__WHAT IS BEING ASKED__. Output exactly, in the material below, the lines from the one with "3 Bedroom Terraced" through the one with "تصاویر/فعالیت طلاب مدرسه". Omit all pictures.

__INPUT MATERIAL__.

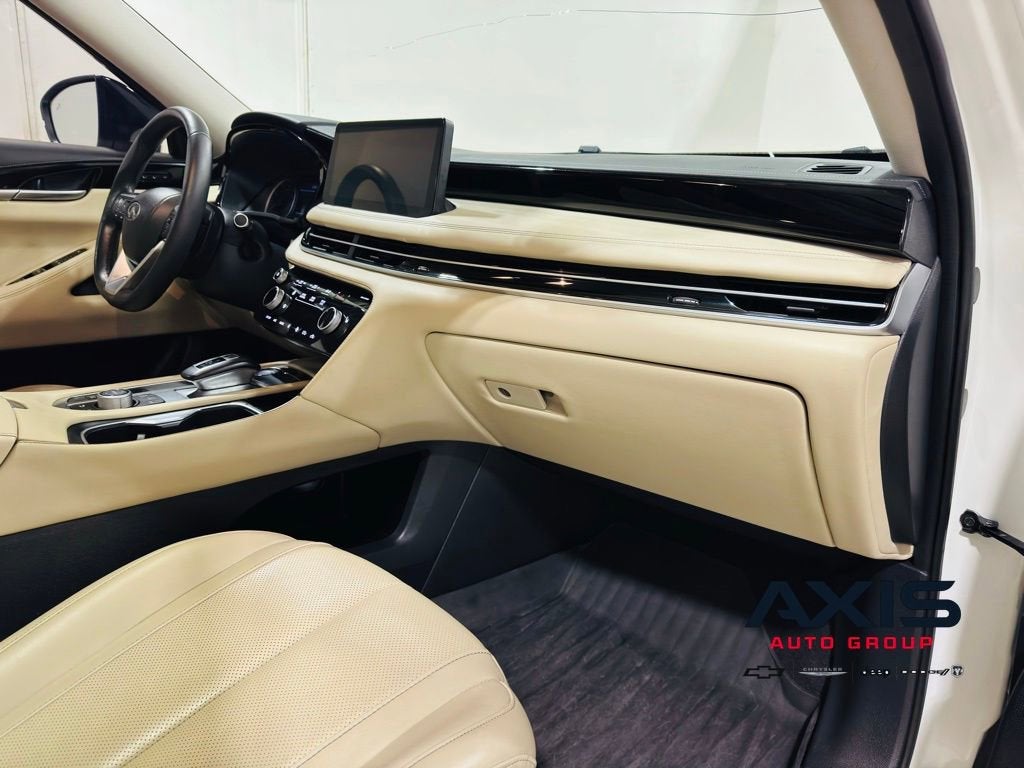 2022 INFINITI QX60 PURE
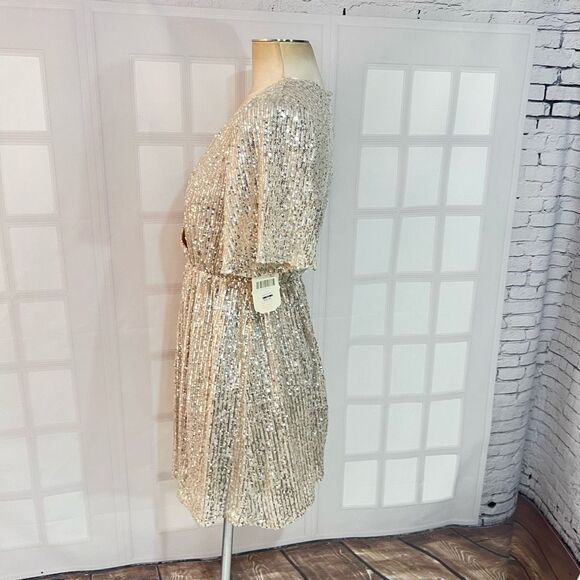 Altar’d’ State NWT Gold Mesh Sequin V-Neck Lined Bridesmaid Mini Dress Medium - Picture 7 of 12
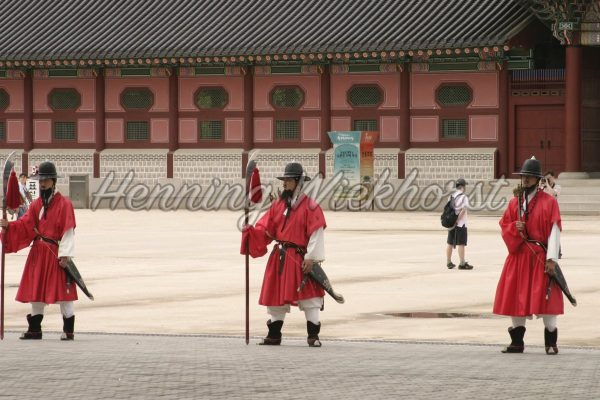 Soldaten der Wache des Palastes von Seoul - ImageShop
==
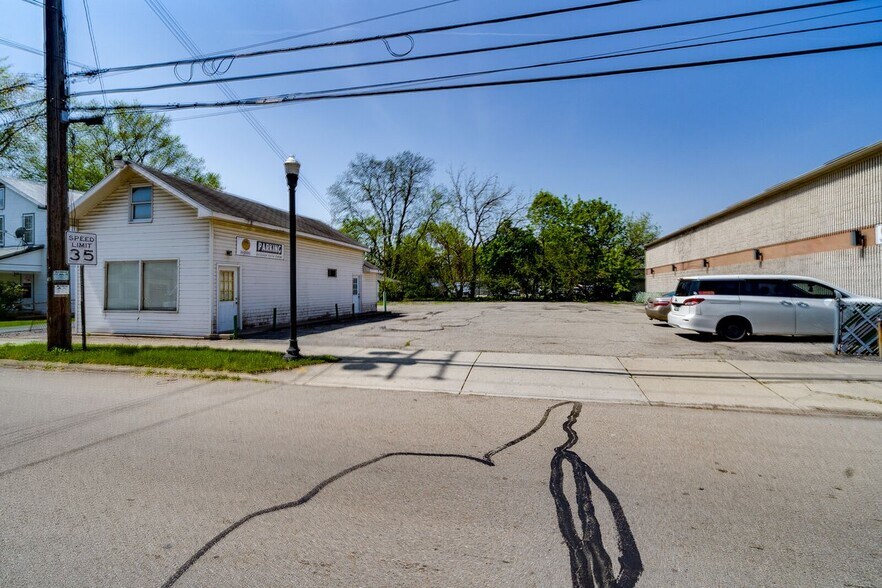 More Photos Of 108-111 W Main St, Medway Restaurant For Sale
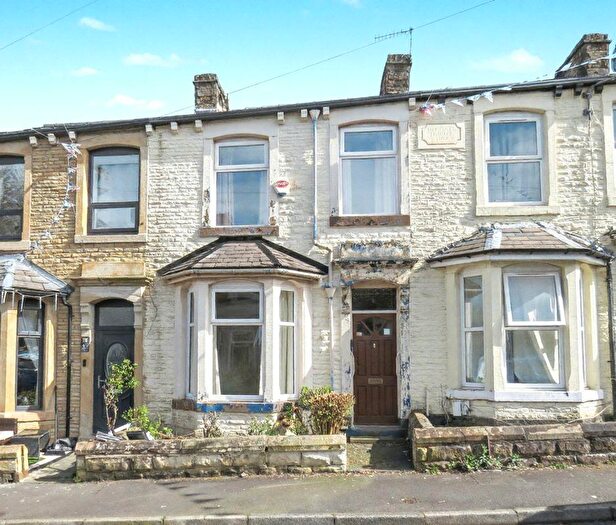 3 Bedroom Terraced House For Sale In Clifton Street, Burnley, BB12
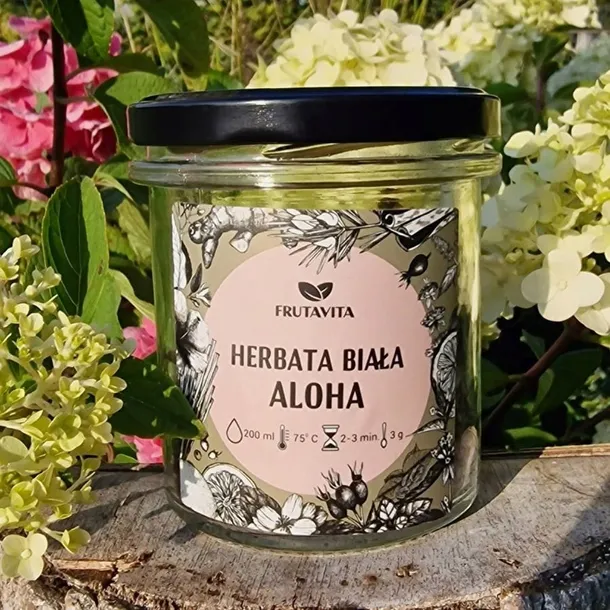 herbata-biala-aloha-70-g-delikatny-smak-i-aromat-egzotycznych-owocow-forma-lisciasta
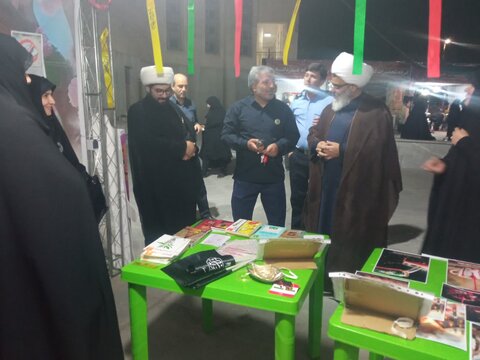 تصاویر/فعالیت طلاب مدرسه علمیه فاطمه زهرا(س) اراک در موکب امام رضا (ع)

__TASK RESULT__.
 3 Bedroom Terraced House For Sale In Clifton Street, Burnley, BB12
 herbata-biala-aloha-70-g-delikatny-smak-i-aromat-egzotycznych-owocow-forma-lisciasta
 تصاویر/فعالیت طلاب مدرسه علمیه فاطمه زهرا(س) اراک در موکب امام رضا (ع)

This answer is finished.